**Exercise objective**
In the entries below, begin at the line that has "Resort đẳng cấp" and stop after the line that has "Сдаётся 2-комн. новостройка"; output those lines exactly, leaving out pictures.

**Data to use**
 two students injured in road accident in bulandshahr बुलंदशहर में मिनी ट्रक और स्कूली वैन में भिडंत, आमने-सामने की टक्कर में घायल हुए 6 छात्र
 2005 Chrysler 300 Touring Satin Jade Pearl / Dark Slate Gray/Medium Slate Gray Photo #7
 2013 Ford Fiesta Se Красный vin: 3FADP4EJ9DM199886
==
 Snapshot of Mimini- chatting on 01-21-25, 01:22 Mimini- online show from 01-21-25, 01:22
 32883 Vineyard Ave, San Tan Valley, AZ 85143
* * *
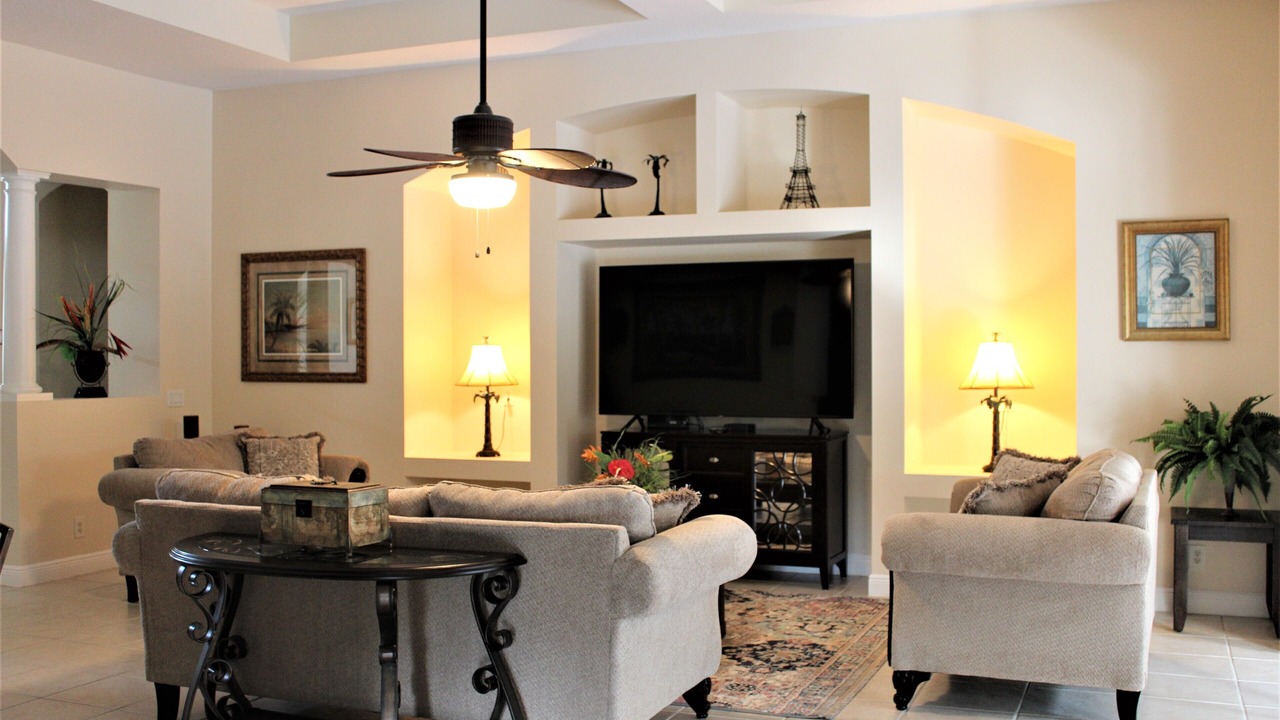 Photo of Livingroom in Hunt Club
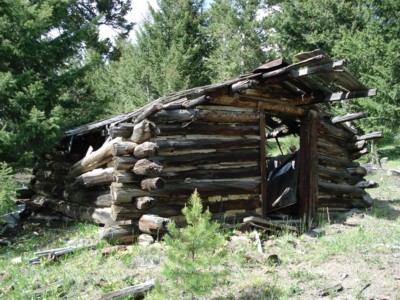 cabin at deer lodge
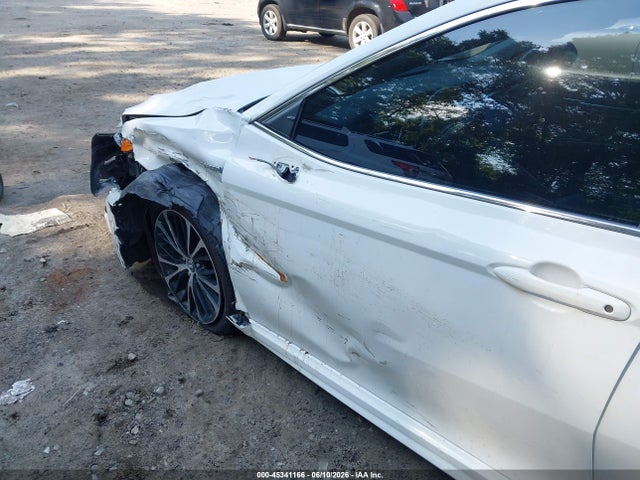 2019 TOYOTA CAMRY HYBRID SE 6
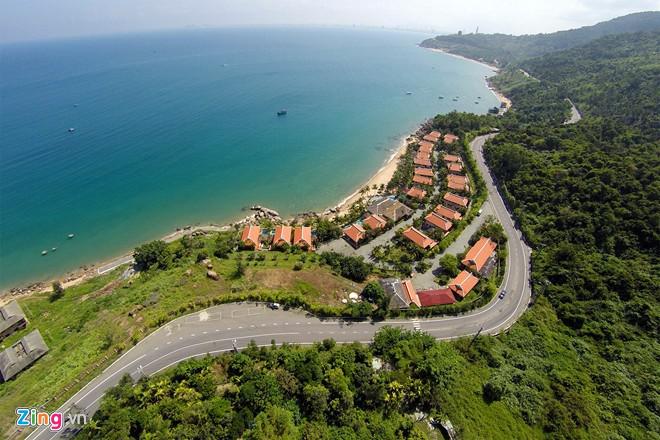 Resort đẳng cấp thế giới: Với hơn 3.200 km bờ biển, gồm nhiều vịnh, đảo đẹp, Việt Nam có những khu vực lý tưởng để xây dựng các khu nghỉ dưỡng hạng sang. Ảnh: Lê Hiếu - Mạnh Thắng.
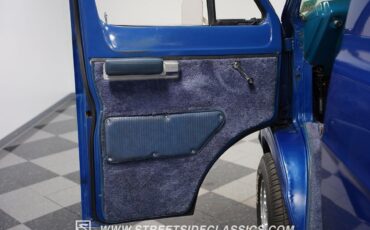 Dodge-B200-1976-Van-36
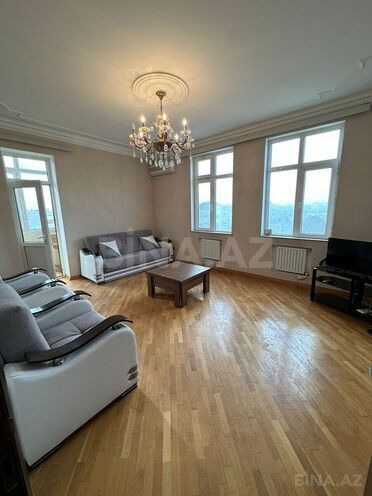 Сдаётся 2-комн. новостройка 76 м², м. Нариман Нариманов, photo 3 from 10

**Result of the exercise**
 Resort đẳng cấp thế giới: Với hơn 3.200 km bờ biển, gồm nhiều vịnh, đảo đẹp, Việt Nam có những khu vực lý tưởng để xây dựng các khu nghỉ dưỡng hạng sang. Ảnh: Lê Hiếu - Mạnh Thắng.
 Dodge-B200-1976-Van-36
 Сдаётся 2-комн. новостройка 76 м², м. Нариман Нариманов, photo 3 from 10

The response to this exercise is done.